Freshman Seminars

W. Hugh Woodin

2024 Fall (4 Credits)

Schedule: Wednesday, 03:45 PM–05:45 PM

Instructor Permissions: Instructor

Enrollment Cap: 12

Infinity captivates the imagination. A child stands between two mirrors and sees herself reflected over and over again, smaller and smaller, trailing off to infinity. Does it go on forever? … Does anything go on forever? Does life go on forever? Does time go on forever? Does the universe go on forever? Is there anything that we can be certain goes on forever? … It would seem that the counting numbers go on forever, since given any number on can always add one. But is that the extent of forever? Or are there numbers that go beyond that? Are there higher and higher levels of infinity?
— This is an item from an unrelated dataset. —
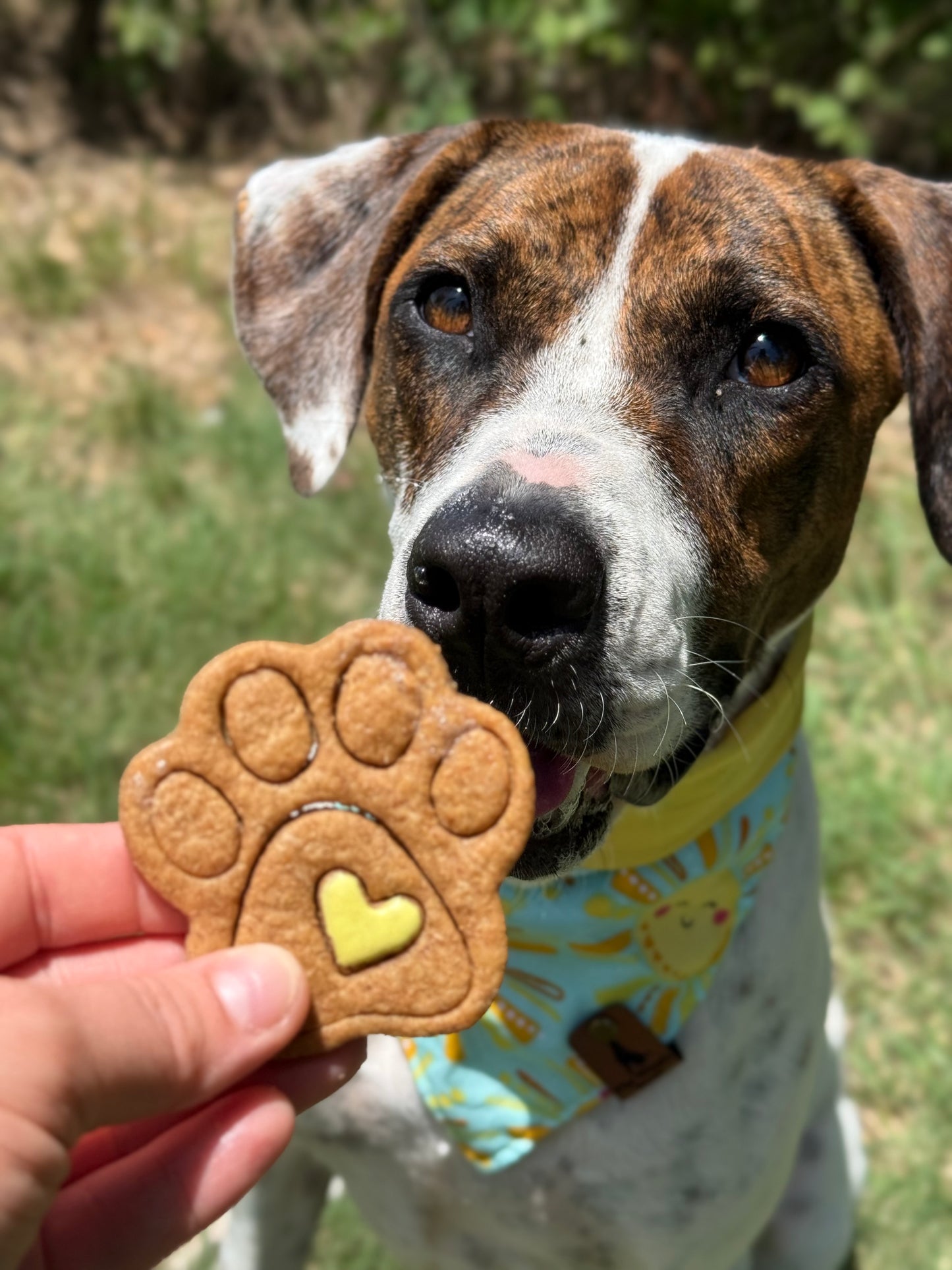 Paw Aid Treats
And, if so, does the totality of all of these levels of infinity itself constitute the highest, most ultimate, level of infinity, the absolutely infinite? In this seminar we will focus on the mathematical infinite. We will start with the so-called paradoxes of the infinite, paradoxes that have led some to the conclusion that the concept of infinity is incoherent. We will see, however, that what these paradoxes ultimately show is that the infinite is just quite different than the finite and that by being very careful we can sharpen the concept of infinity so that these paradoxes are transformed into surprising discoveries. We will follow the historical development, starting with the work of Cantor at the end of the nineteenth century, and proceeding up to the present. The study of the infinite has blossomed into a beautiful branch of mathematics. We will get a glimpse of this subject, and the many levels of infinity, and we will see that the infinite is even more magnificent than one might ever have imagined.

Course open to Freshman Students Only

Additional Course Attributes:

Paul Bamberg

2025 Spring (4 Credits)

Schedule: TBD

Instructor Permissions: Instructor

Enrollment Cap: 12

Projective planes were discovered by Renaissance artists who needed to depict tiled floors on canvas. Quaternions, discovered in the nineteenth century, were used by physicists to represent rotations in three dimensions, which to not commute with one another, In the early 20th century, American mathematicians discovered that quaternions could also be used as coordinates in projective planes where certain theorems of Euclidean geometry fail and the rules of ordinary algebra do not apply to coordinates.This seminar focuses on a single article published at the dawn of the computer era by the great American geometer Marshall Hall, which describes an exhaustive search, with the aid of a primitive computer, for all finite planes of order 9. We will replicate, and perhaps extend, Halls results using the R scripting language, in the process delving into finite geometry, abstract algebra, graph theory, and theory of computation.

Course Notes:
This seminar has no prerequisites. An invitation is extended to all students whether or not they are thinking about studying mathematics.
Course open to Freshman Students Only.